String Quartet No. 1 (1908)
by Béla Bartók (Nagyszentmiklós,
Hungary [now Sînnicolau Mare, Romania], 1881 – New
York, 1945)
Looking back on his early years from the vantage point of his mid-forties, Béla Bartók considered his String Quartet No. 1, written at the age of 27, to be his first composition truly representative of his mature style. He had written a great deal of music before that time, including highly successful orchestral works like the Kossuth Symphony. But these were written in a nationalistic-Romantic manner that Bartók later disavowed, after discovering the old Hungarian peasant music that changed his life and his artistic outlook forever.
The First Quartet, completed in 1908, is one of the first Bartók works to show signs of this major change. The work stands on the cusp of a new era, combining the influence of folk song with the other important influence that had reached Bartók at around the same time, namely, the new French music of Debussy and Ravel. On a personal level, Bartók was going through an emotional crisis at the time, having been rejected by the violinist Stefi Geyer, with whom he was passionately in love and for whom he had written a violin concerto that started with a characteristic ascending motif identified by Bartók himself as Geyer's theme. The opening motif in the quartet’s mournful first movement is a kind of reversal of the Stefi Geyer theme, turned upside down; it is developed in a dense, highly chromatic post-Romantic polyphonic style introduced by a duo of violins. Then the fog lifts, and we hear an impassioned viola solo written in a distinctly Hungarian style (though not yet in the style of the old folksongs Bartók had discovered), followed by a flowing pentatonic melody intoned by the cello. One feels why Bartók’s friend and colleague Zoltán Kodály referred to this quartet as “return to life.” The polyphony later returns, but, as Hungarian musicologist János Kárpáti has noted, it has been “transposed an octave higher into an ‘ethereal sphere’ [representing] a tone of ‘transfiguration’,” and bringing “solace” to the music.
The “return to life” continues in the second movement, which is in a moderately fast “allegretto” tempo, reached gradually after a transitional passage written, like the beginning of the first movement, for instrumental duos (viola-cello followed by first and second violins). The “Allegretto” begins as a lyrical waltz but it eventually gathers momentum; tender, expressive passages alternate with intense dramatic outbursts. The ending, once more, is quiet and almost “transfigured.”
The third and last movement is preceded by an “Introduzione” which presents a cello recitative, somewhat like in Beethoven’s Ninth Symphony. But this cello recites in a distinctly Hungarian manner. It is still closer to 19th-century popular songs than to the ancient repertoire Bartók had discovered in the villages, but even so, it serves to announce the stylistic change that is about to occur, in the manner of Beethoven, who had his soloist in the Ninth Symphony sing: “nicht diese Töne!” (not these sounds!) And in fact, the “Allegro vivace” that ensues makes the “return to life” complete with its exuberant and playful tone.
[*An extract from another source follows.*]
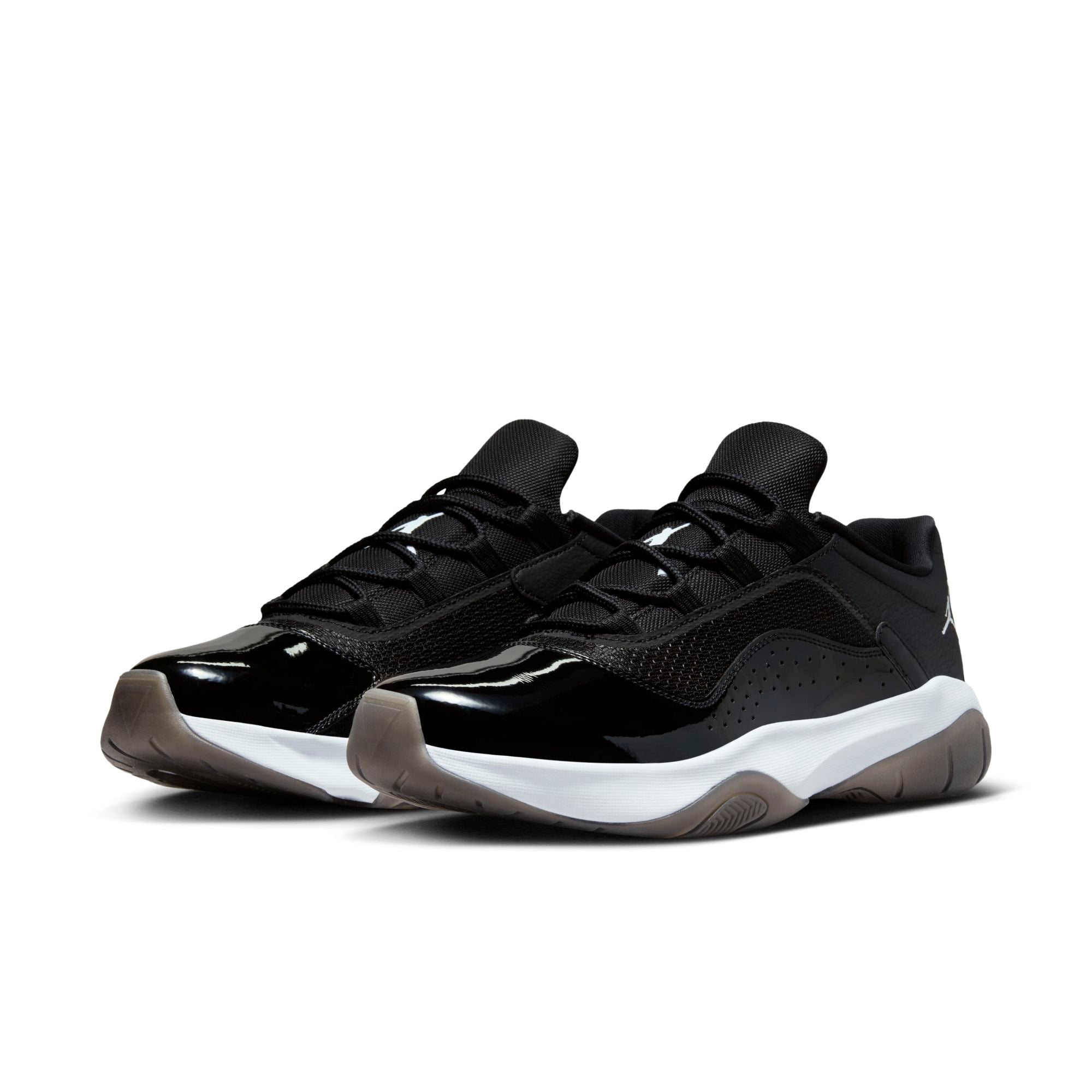 [FN6787-010] Mens Air Jordan 11 CMFT LOW 'BLACK WHITE'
At the movement’s culmination point, the tempo suddenly slows down to a solemn Adagio, and the first violin plays an expressive pentatonic melody which is, finally, in the style of the ancient folksongs which Bartók had saved up until this strategic moment. The folksong episode is rather brief, and is followed by a return of the “Allegro” material, including a humoristic fugato. The excitement keeps increasing to the end. There is a single moment of introspection before the end, when the ancient folksong makes a second appearance, even shorter than the first, evidently to drive home the point that this old-new style, which symbolizes spiritual renewal and the attainment of a new authenticity, is definitely here to stay.
Folk music from Nordic countries, arranged by the Danish
String Quartet
The ensemble has provided the following note from its new
recording, “Wood Works” (Dacapo
DAC-LP001):
Folk music is the music of all the small places. It is the local
music, but as such it is also the music of everywhere and everyone.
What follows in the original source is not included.